(Caption-style text data)
Content starts

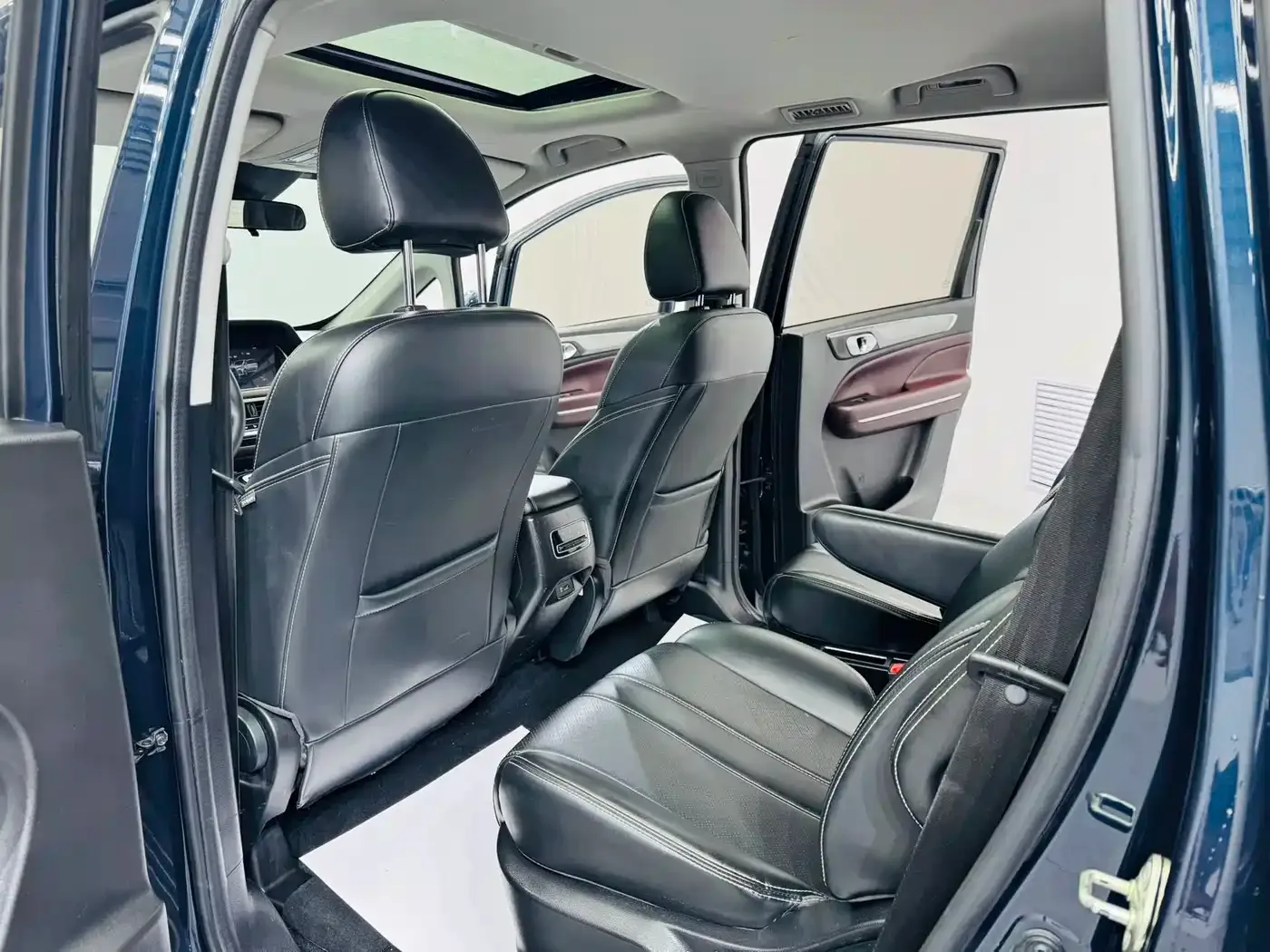 GAC Trumpchi Trumpchi M6 2021 270T DCT Luxury Edition (7-Seater) — Фото автомобиля 11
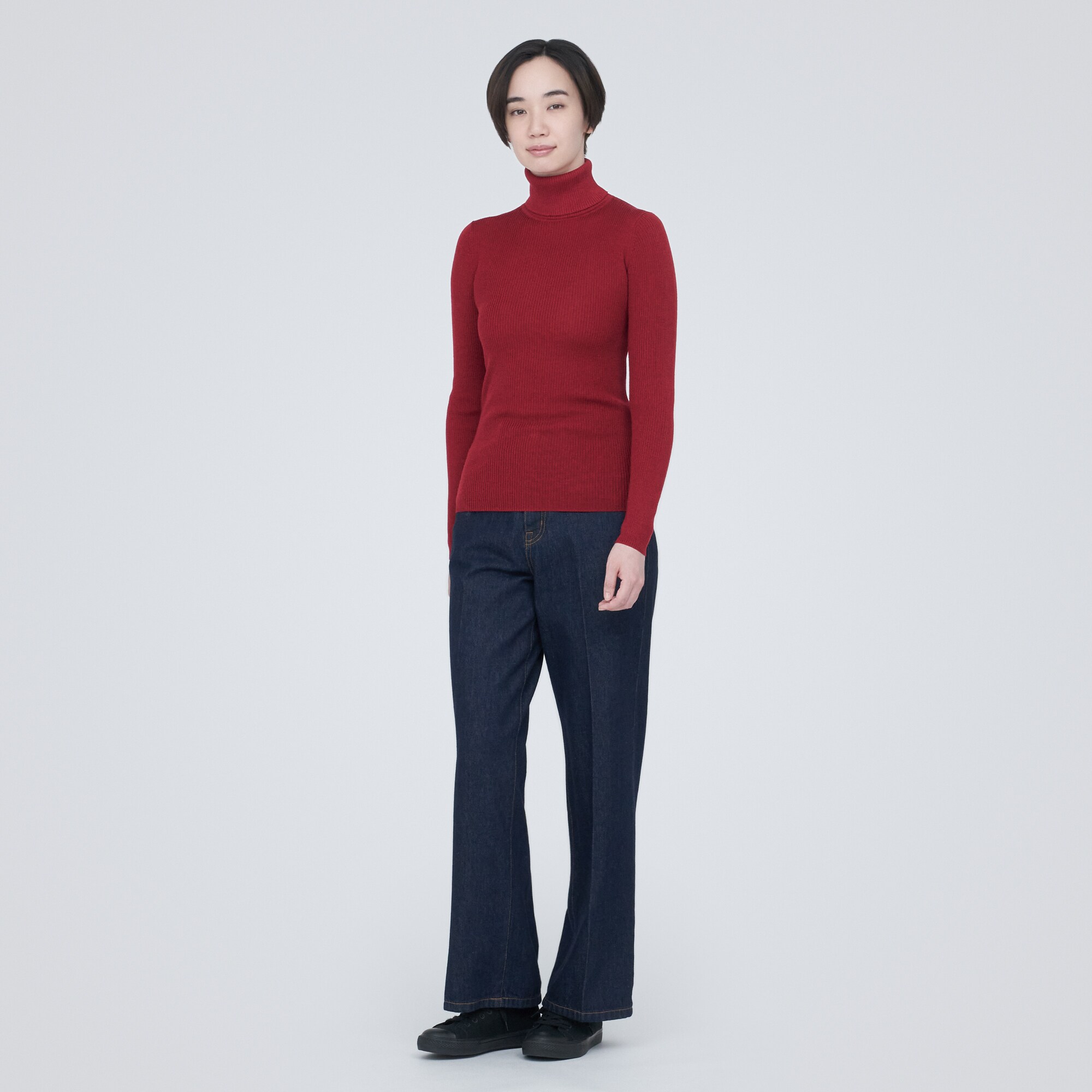 首のチクチクを抑えたリブタートルネック洗えるセーター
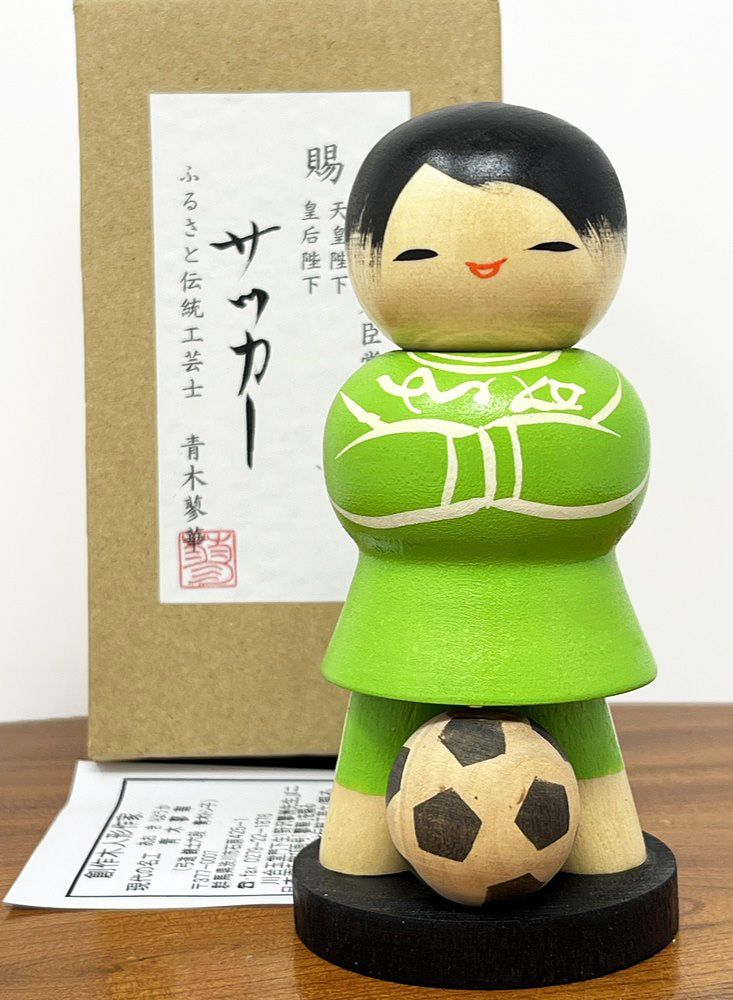 kokeshi vintage "Sakkā"- "Calcio" di Ryoka Aoki (verde)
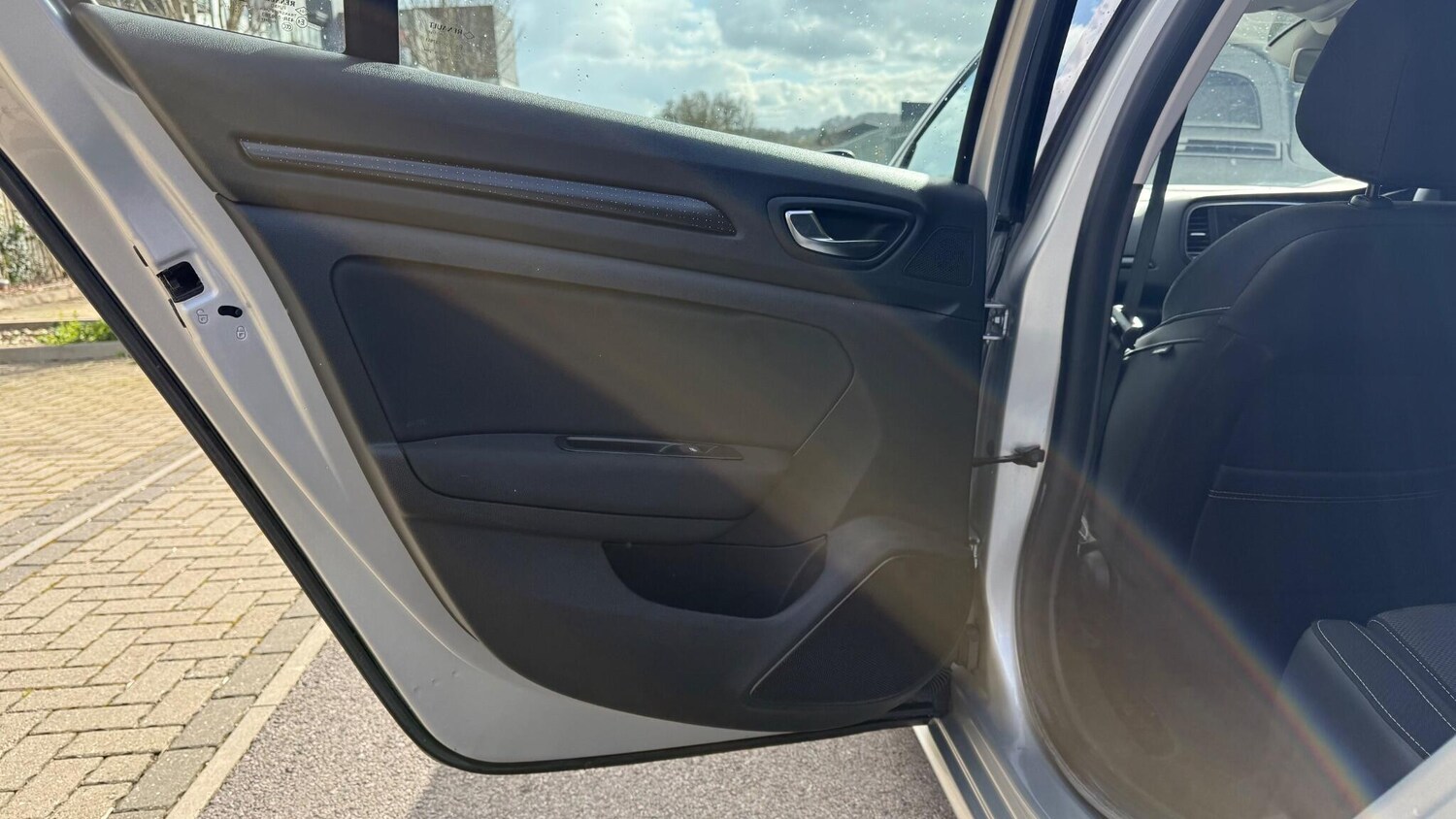 Used Renault Megane 2019 for sale - 77839760: Photo 46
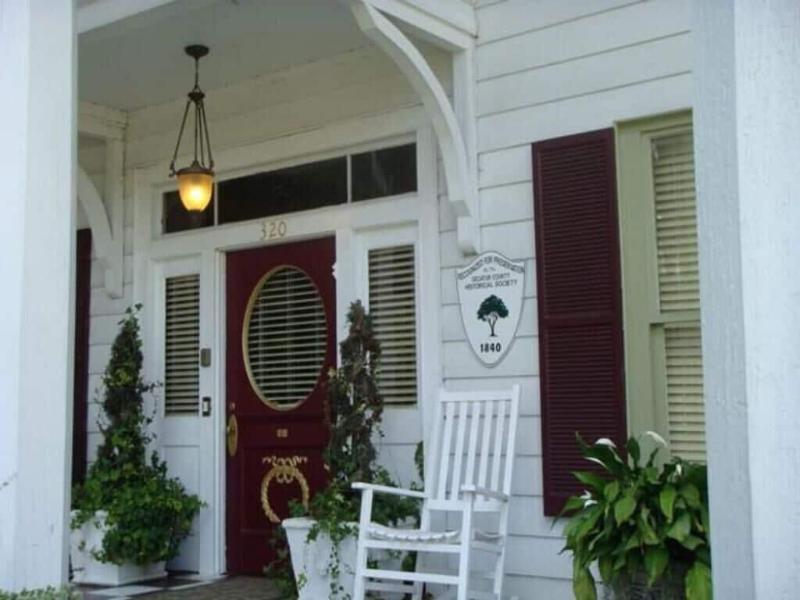 The Commodore Bed And Breakfast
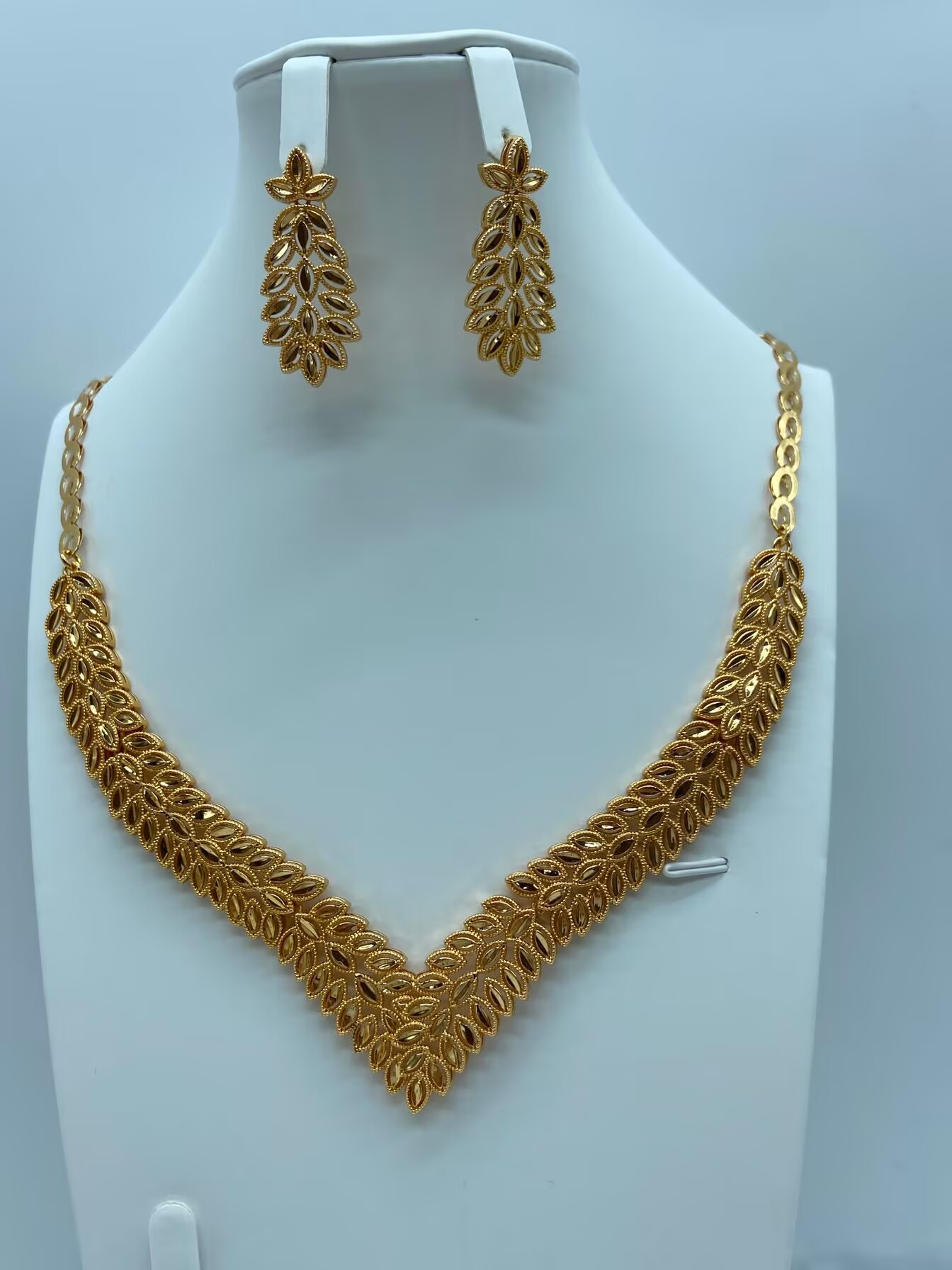 Transfronterizos de moda retro de Oriente Medio conjunto de joyería collar pendientes de boda banquete de bronce de lujo joyería dorada mujer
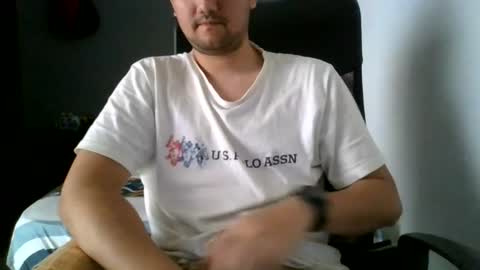 MrBull online show from June 25, 2026, 8:13 pm
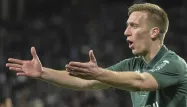 Le Slovène Robert Beric a donné un avantage décisif aux Verts en reprenant de volée un centre en profondeur de Valentin Vada à la 80e minute.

Content ends

§ The task: Except for the pictures, print the data above exactly.

§ Exercise result:
 GAC Trumpchi Trumpchi M6 2021 270T DCT Luxury Edition (7-Seater) — Фото автомобиля 11
 首のチクチクを抑えたリブタートルネック洗えるセーター
 kokeshi vintage "Sakkā"- "Calcio" di Ryoka Aoki (verde)
 Used Renault Megane 2019 for sale - 77839760: Photo 46
 The Commodore Bed And Breakfast
 Transfronterizos de moda retro de Oriente Medio conjunto de joyería collar pendientes de boda banquete de bronce de lujo joyería dorada mujer
 MrBull online show from June 25, 2026, 8:13 pm
 Le Slovène Robert Beric a donné un avantage décisif aux Verts en reprenant de volée un centre en profondeur de Valentin Vada à la 80e minute.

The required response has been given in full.